Could you output every record again, exactly as given?

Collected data
>>
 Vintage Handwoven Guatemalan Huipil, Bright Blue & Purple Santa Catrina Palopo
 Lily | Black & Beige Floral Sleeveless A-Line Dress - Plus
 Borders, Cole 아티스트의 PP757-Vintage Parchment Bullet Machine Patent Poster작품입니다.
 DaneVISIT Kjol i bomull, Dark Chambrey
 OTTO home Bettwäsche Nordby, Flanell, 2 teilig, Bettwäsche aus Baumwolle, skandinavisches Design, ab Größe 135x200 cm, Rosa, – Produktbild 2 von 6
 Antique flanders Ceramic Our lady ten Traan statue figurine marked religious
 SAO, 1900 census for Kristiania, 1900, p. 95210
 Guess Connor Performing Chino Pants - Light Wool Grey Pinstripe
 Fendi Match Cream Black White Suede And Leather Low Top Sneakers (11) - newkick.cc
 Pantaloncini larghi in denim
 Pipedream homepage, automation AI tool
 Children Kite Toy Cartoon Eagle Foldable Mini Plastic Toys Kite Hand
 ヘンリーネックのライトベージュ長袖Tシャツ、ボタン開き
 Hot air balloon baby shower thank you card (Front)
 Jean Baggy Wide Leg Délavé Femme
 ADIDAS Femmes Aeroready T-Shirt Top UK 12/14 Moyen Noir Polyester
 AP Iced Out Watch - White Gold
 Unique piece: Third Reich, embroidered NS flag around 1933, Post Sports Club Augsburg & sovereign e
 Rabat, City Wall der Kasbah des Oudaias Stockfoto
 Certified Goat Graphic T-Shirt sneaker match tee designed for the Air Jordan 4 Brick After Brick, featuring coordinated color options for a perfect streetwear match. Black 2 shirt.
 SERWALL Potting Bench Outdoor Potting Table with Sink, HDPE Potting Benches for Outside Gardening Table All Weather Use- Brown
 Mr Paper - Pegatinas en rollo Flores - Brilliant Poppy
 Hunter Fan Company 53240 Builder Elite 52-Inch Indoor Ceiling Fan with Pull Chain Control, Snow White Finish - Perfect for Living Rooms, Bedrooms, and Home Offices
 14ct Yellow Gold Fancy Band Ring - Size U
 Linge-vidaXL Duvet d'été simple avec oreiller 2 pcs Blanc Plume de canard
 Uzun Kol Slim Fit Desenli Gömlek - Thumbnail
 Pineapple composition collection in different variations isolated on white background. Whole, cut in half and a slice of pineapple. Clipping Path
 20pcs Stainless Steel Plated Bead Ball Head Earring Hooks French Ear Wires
<<
ANSWER FOR THE TASK:
 Vintage Handwoven Guatemalan Huipil, Bright Blue & Purple Santa Catrina Palopo
 Lily | Black & Beige Floral Sleeveless A-Line Dress - Plus
 Borders, Cole 아티스트의 PP757-Vintage Parchment Bullet Machine Patent Poster작품입니다.
 DaneVISIT Kjol i bomull, Dark Chambrey
 OTTO home Bettwäsche Nordby, Flanell, 2 teilig, Bettwäsche aus Baumwolle, skandinavisches Design, ab Größe 135x200 cm, Rosa, – Produktbild 2 von 6
 Antique flanders Ceramic Our lady ten Traan statue figurine marked religious
 SAO, 1900 census for Kristiania, 1900, p. 95210
 Guess Connor Performing Chino Pants - Light Wool Grey Pinstripe
 Fendi Match Cream Black White Suede And Leather Low Top Sneakers (11) - newkick.cc
 Pantaloncini larghi in denim
 Pipedream homepage, automation AI tool
 Children Kite Toy Cartoon Eagle Foldable Mini Plastic Toys Kite Hand
 ヘンリーネックのライトベージュ長袖Tシャツ、ボタン開き
 Hot air balloon baby shower thank you card (Front)
 Jean Baggy Wide Leg Délavé Femme
 ADIDAS Femmes Aeroready T-Shirt Top UK 12/14 Moyen Noir Polyester
 AP Iced Out Watch - White Gold
 Unique piece: Third Reich, embroidered NS flag around 1933, Post Sports Club Augsburg & sovereign e
 Rabat, City Wall der Kasbah des Oudaias Stockfoto
 Certified Goat Graphic T-Shirt sneaker match tee designed for the Air Jordan 4 Brick After Brick, featuring coordinated color options for a perfect streetwear match. Black 2 shirt.
 SERWALL Potting Bench Outdoor Potting Table with Sink, HDPE Potting Benches for Outside Gardening Table All Weather Use- Brown
 Mr Paper - Pegatinas en rollo Flores - Brilliant Poppy
 Hunter Fan Company 53240 Builder Elite 52-Inch Indoor Ceiling Fan with Pull Chain Control, Snow White Finish - Perfect for Living Rooms, Bedrooms, and Home Offices
 14ct Yellow Gold Fancy Band Ring - Size U
 Linge-vidaXL Duvet d'été simple avec oreiller 2 pcs Blanc Plume de canard
 Uzun Kol Slim Fit Desenli Gömlek - Thumbnail
 Pineapple composition collection in different variations isolated on white background. Whole, cut in half and a slice of pineapple. Clipping Path
 20pcs Stainless Steel Plated Bead Ball Head Earring Hooks French Ear Wires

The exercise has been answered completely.